Gesellschaftstheorie : Warum in der Spätmoderne die Verluste eskalieren
Der Soziologe Andreas Reckwitz geht in seinem neuen Buch der Frage nach, warum moderne Gesellschaften einst Verluste ignorierten - und warum sie nun eskalieren.
Es ist ein Wahlspruch für Verlierer - mit dem man aber das Weiße Haus gewinnen kann: "Make America Great Again" lautet das Motto von Donald Trump. Dahinter verbirgt sich die Vorstellung, dass die einstige Größe Amerikas verlorengegangen ist. Zu viele Jobs im Ausland, zu viele Illegale im Land, ein Wokeness-Exzess an den Universitäten und der "Deep State", der das alles geschehen lässt, wenn nicht gar bewusst steuert - fertig ist die populistisch-verschwörungstheoretische Erzählung eines Mannes, der das in den nächsten vier Jahren wieder ändern will.
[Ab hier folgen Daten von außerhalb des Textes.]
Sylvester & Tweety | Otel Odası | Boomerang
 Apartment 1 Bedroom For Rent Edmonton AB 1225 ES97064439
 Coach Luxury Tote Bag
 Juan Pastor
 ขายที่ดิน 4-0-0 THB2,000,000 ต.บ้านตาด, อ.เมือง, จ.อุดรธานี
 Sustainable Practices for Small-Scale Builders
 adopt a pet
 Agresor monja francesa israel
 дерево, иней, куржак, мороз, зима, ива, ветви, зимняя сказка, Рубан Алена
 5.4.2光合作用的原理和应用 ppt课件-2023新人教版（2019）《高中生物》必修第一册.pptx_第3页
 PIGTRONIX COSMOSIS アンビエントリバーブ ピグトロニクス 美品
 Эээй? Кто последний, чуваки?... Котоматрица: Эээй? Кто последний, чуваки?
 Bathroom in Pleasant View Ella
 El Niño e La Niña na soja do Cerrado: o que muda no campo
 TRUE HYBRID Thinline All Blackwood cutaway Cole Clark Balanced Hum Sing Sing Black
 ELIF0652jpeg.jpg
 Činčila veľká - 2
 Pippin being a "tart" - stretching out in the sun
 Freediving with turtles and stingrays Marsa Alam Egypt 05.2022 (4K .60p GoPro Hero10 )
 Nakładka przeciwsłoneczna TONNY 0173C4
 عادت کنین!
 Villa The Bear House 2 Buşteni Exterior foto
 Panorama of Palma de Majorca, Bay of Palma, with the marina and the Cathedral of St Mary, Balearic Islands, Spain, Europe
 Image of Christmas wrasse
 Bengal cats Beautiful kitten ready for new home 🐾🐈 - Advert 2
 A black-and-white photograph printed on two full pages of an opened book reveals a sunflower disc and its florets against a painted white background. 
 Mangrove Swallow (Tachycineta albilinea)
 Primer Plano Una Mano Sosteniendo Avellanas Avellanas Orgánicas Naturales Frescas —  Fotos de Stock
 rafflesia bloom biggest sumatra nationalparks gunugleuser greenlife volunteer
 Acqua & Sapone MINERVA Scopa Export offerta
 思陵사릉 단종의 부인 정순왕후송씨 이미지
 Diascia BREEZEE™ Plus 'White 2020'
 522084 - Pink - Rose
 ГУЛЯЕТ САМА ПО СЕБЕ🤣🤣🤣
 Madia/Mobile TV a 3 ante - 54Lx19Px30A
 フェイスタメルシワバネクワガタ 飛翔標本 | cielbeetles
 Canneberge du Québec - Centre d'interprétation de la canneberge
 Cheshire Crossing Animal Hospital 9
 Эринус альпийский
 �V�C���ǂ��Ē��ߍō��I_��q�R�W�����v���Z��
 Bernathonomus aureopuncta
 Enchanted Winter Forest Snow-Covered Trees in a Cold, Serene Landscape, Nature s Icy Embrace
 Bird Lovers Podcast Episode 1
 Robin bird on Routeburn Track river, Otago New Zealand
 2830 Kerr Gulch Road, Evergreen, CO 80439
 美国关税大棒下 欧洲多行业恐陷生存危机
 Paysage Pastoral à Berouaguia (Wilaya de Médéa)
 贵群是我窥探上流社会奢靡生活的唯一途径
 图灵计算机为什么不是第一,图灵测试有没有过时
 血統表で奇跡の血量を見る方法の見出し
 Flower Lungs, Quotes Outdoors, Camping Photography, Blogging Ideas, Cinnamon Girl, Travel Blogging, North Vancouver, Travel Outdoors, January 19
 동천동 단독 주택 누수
Mal wieder.
Für den Soziologen Andreas Reckwitz sind Trump und Co. klassische Beispiele für das "Verlustunternehmertum" in der Spätmoderne. Das sind Kräfte, die Verlusterfahrungen der vermeintlichen Verlierer bündeln und zum Gegenschlag auf die vermeintlichen Gewinner übergehen wollen. "Wir wollen euch scheitern sehen! Wir wollen euch weinen sehen" - das verlange die "populistische Rache" und das bedeute auch, eben jene Institutionen der liberalen Demokratie zu untergraben und zu zerstören, die die anderen so schätzten, wie der 54-Jährige wortgewaltig in seinem neuesten Bestseller ausführt. Sein Interesse ist es dabei, Populismus als "verlustbezogene Politik" einzubetten in einer größeren Theorie darüber, wie Moderne und Spätmoderne mit Verlusten umgehen.
Reckwitz: Moderne Gesellschaften zeigen überwiegend Ignoranz gegenüber Verlusten
Für die spätmoderne Gegenwart diagnostiziert Reckwitz nämlich eine "Verlusteskalation". Das gilt nicht nur für den Populismus, sondern beispielsweise auch für Wachstumskritik und die Klimabewegung, die Debatte um die Wiedervereinigung und die ehemalige DDR oder für Fragen rund um den Umgang mit der kolonialen Vergangenheit. Die eskalierenden Verluste sind allerdings erklärungsbedürftig, weil laut Reckwitz moderne Gesellschaften lange überwiegend Ignoranz gegenüber Verlusten gezeigt hatten und sie unsichtbar machten. Es regierte nämlich der "Fortschrittsimperativ", der Institutionen, Gesellschaft und jeden Einzelnen prägte. Wo es immer besser werden sollte, ja musste, da war wenig Raum (abseits der Kulturkritik), um Verluste, die es natürlich weiterhin gegeben hatte, anzuerkennen und zu bearbeiten.
Andreas Reckwitz:
Verlust.
Ein Grundproblem der Moderne.
Suhrkamp,
Berlin 2024;
463 Seiten, 32,00 Euro
Was Verluste soziologisch gesehen sind, wie (spät-)moderne Gesellschaften sie verhandeln, wie sich das seit den 1970ern dramatisch geändert hat und was nun getan werden könnte, um die Moderne zu retten, das schreibt Reckwitz auf mehr als 400 anspruchsvollen, aber gut lesbaren und interessanten Seiten nieder - und macht sich nach der "Gesellschaft der Singularitäten" einmal mehr zum Stichwortgeber des Gegenwartsdiskurses in Politik und Feuilleton.